◆ **Work to be completed**: Go to the line that contains "Signs of Dust" in the records below and repeat it, and each line after it, exactly through the end, omitting pictures.

Caption-style text data
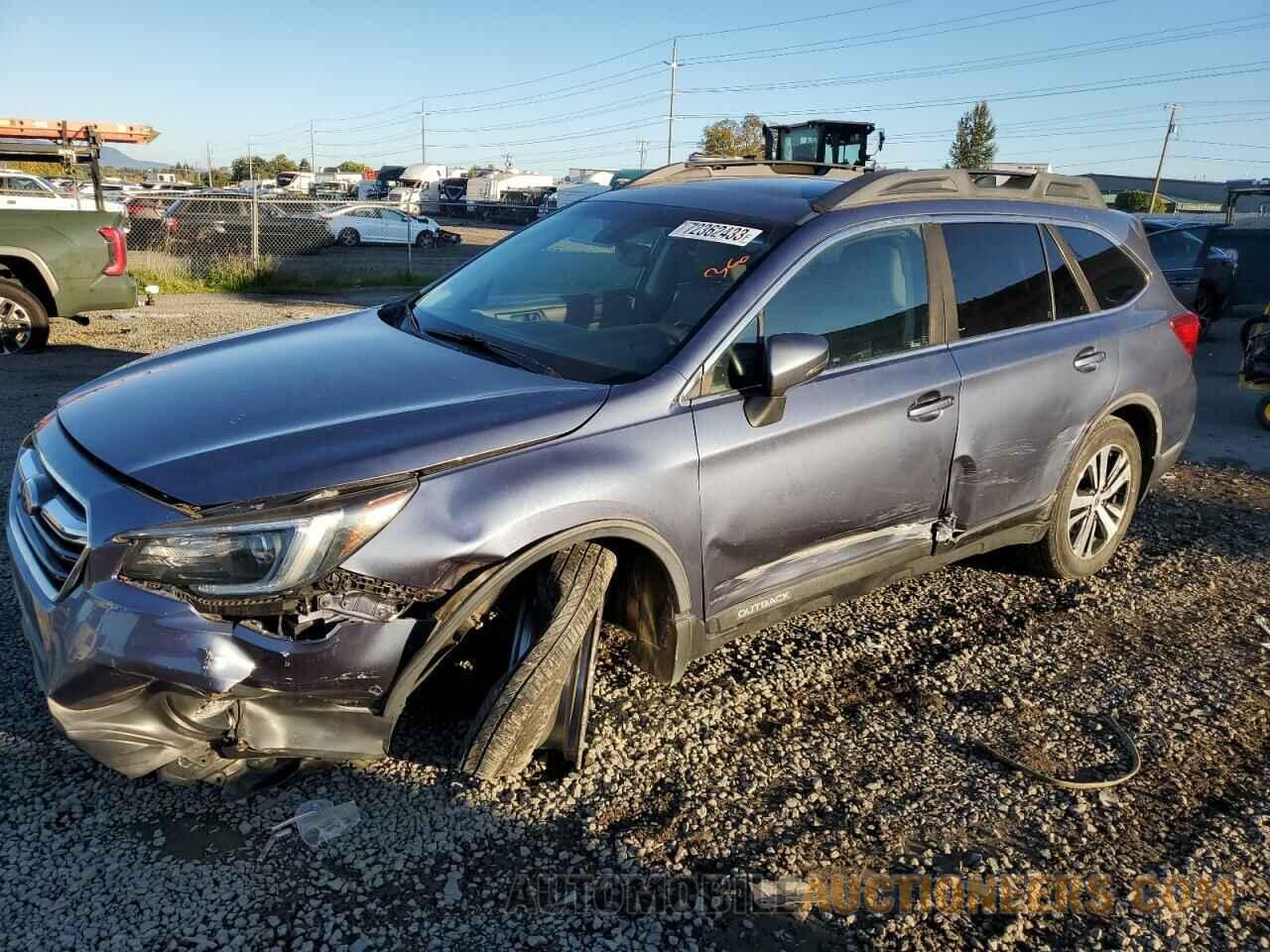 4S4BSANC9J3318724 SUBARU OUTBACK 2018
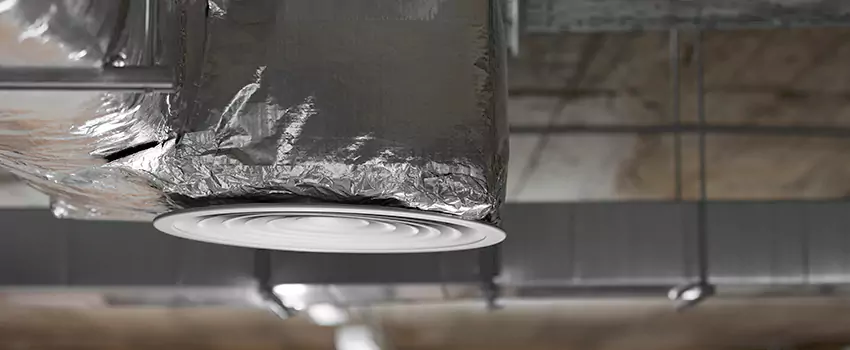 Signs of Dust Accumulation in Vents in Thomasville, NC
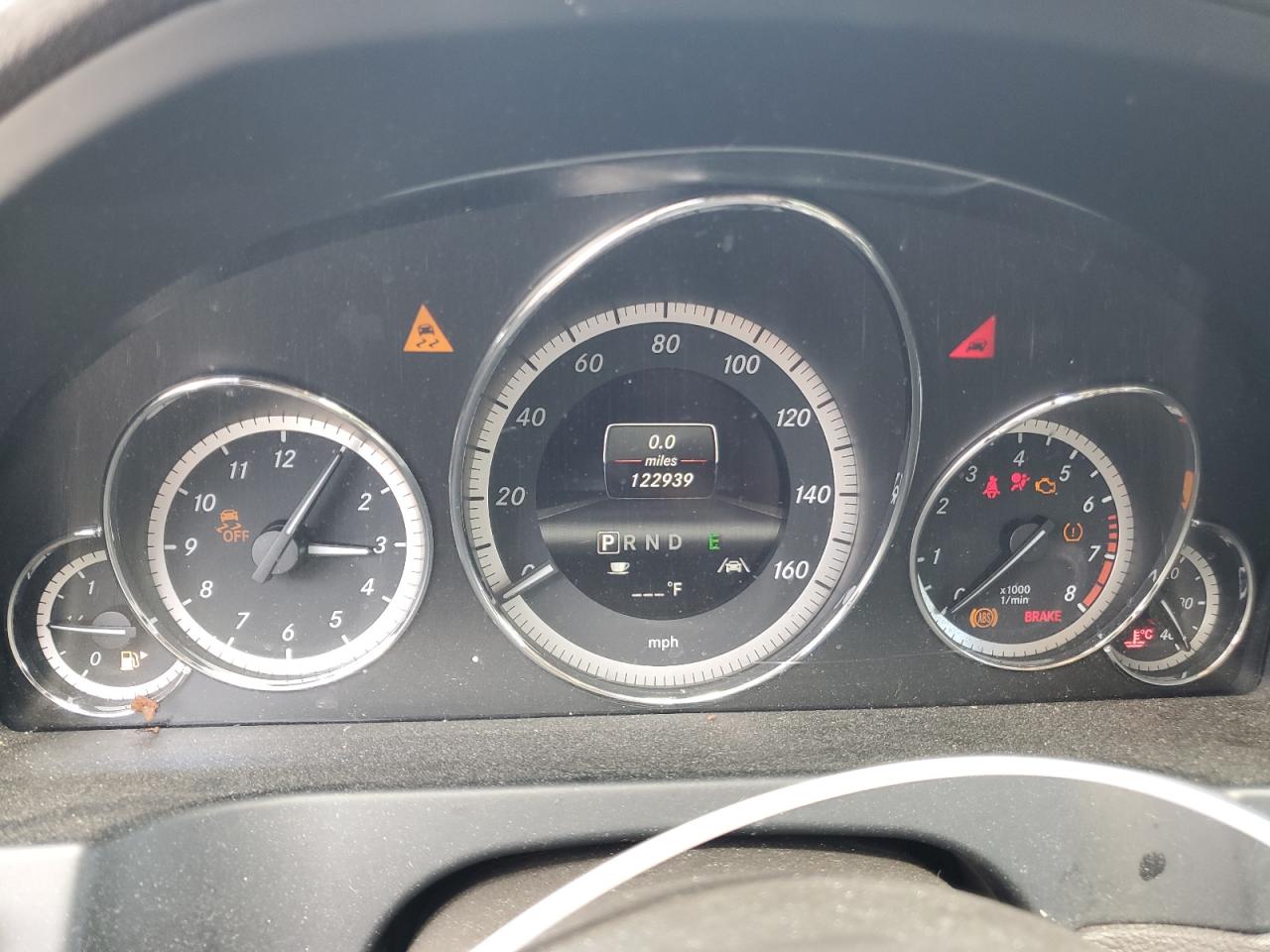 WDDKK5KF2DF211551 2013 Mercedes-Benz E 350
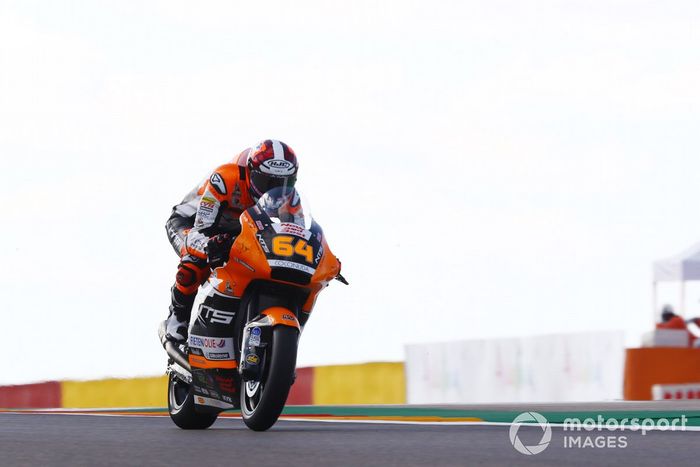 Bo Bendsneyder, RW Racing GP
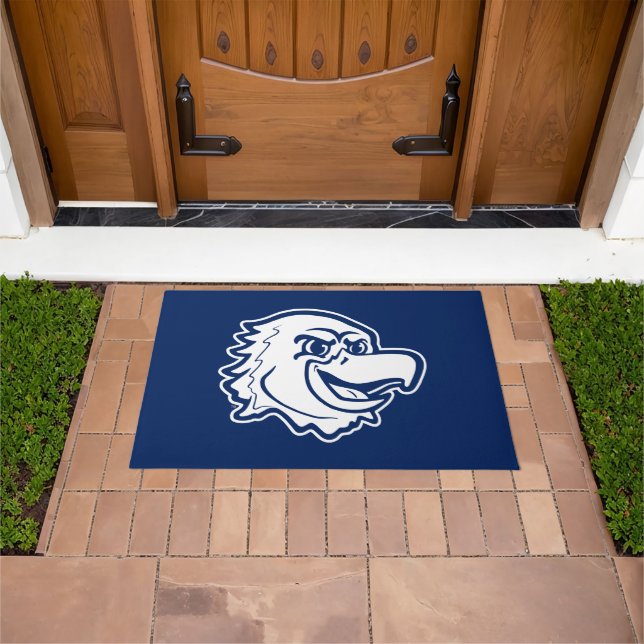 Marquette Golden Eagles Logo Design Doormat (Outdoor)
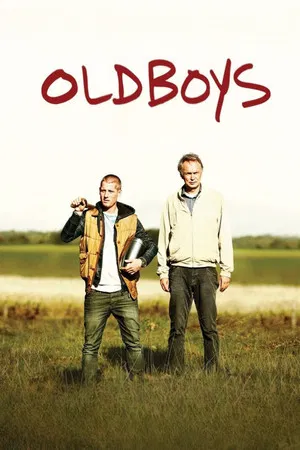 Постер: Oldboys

◆ **Final answer**:
 Signs of Dust Accumulation in Vents in Thomasville, NC
 WDDKK5KF2DF211551 2013 Mercedes-Benz E 350
 Bo Bendsneyder, RW Racing GP
 Marquette Golden Eagles Logo Design Doormat (Outdoor)
 Постер: Oldboys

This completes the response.